It’s clear that we here at FruitStand are passionate about fruit, but how much fruit passion do we have for passionfruit?
Let us count the ways…
Gotta Love It
Indeed, there are many reasons to love passionfruit – also called lilikoi in its adopted native land of Hawaii, and Passiflora in Latin, the mother of all romance languages.
First is the flower. (And really, what’s more romantic than a bouquet?)
One of the most beautiful and unique in the fruit world, passionfruit flowers have a mandala-like shape with white and purple peddles that pop out of five brilliantly green-yellow stamen and are surrounded by a circle of faerie-like tendrils – truly enough to inspire devotion in any plant lover.
And the fruit itself knows how to keep it dramatic.
While you’d be hard-pressed to draw much inspiration from the thick-skinned, bumpy, yellow, green or purple outside of a passionfruit, cutting into one is a big reveal of color, aroma and texture.

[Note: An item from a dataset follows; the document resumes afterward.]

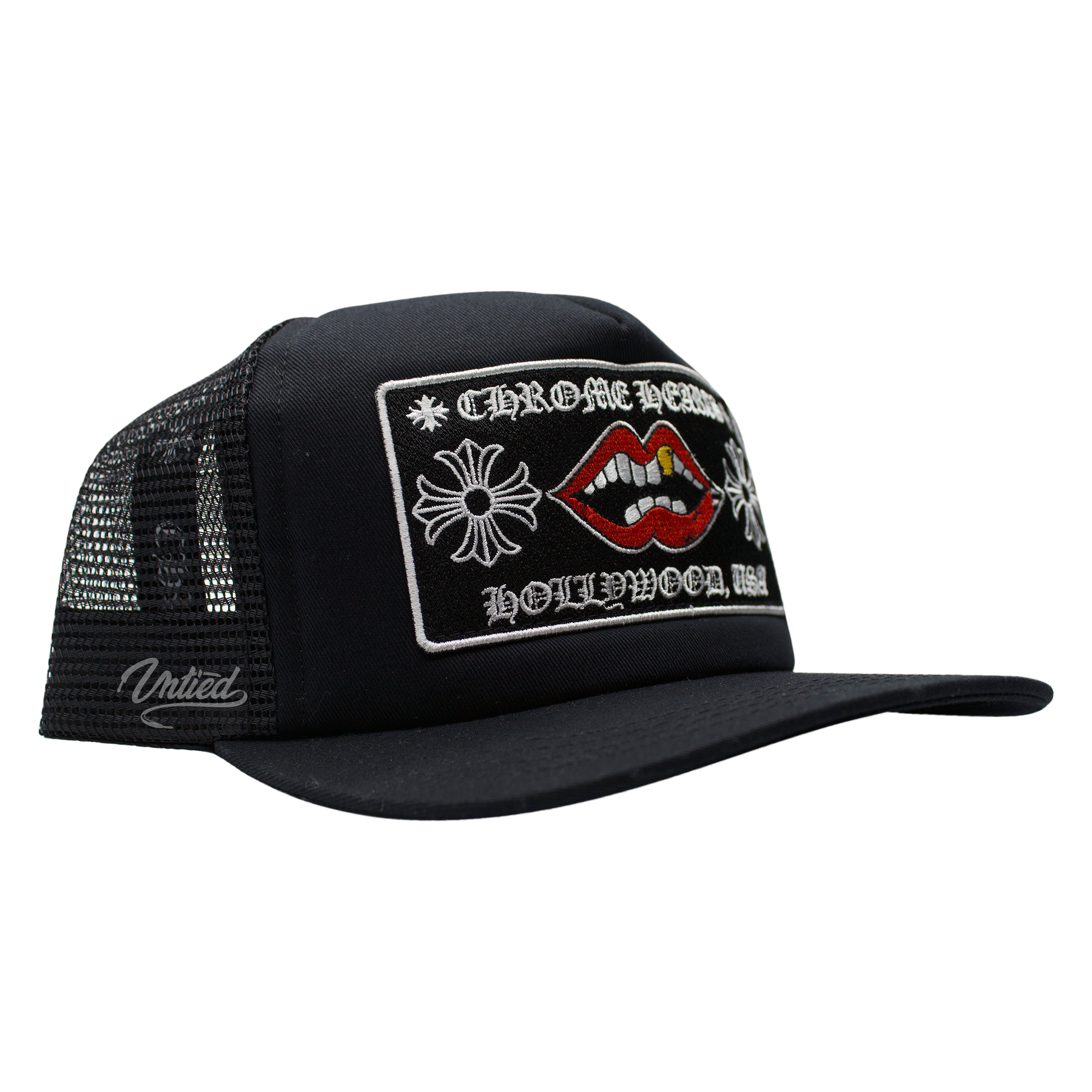 Chrome Hearts Chomper Trucker Hat "Black"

A burst of edible seeds are clustered in the center, swimming in a flesh that looks like vibrant yellow-orange jell-o.
And that’s to say nothing of passionfruit’s taste, which is sweet, tropical and studded with yummy pops of crunchy seeds. (And the perfect compliment for jellies and jams.)
It’s all helped passionfruit build quite a devoted following, and, thankfully, farmers everywhere have heard the call, developing a number of different types of passionfruits to give the people what they want.
Arguably the world’s most popular type of passionfruit, purple passionfruits actually start out green before maturing to their namesake hue when ripe.
These types of passionfruits do better with a bit of altitude below them, and may also be considered the healthiest type of passionfruit, due to their boosted nutrient count—which includes vitamin C, several B vitamins and healthy amounts of iron.
Some types of purple passionfruits people love to love include:
Granadilla: The most popular type of passionfruit in Europe, this varietal is no larger than an egg – but much nicer to look at, with a deep violet color when fully ripe. The fruit will also wrinkle when its ready to be eaten.
Misty Gems: Some say this cultivar is the most delicious passionfruit of all, truly making Tasty Gems the passionfruit crown jewels. Inside, their flesh is an orangey-yellow, with a tangy taste that almost recalls guava.
Common Purple: First developed in Hawaii, this thick-skinned passionfruit varietal has a smaller seed yield than most—but a particularly nice flavor, thanks to its low acidity count. We’d call that anything but common.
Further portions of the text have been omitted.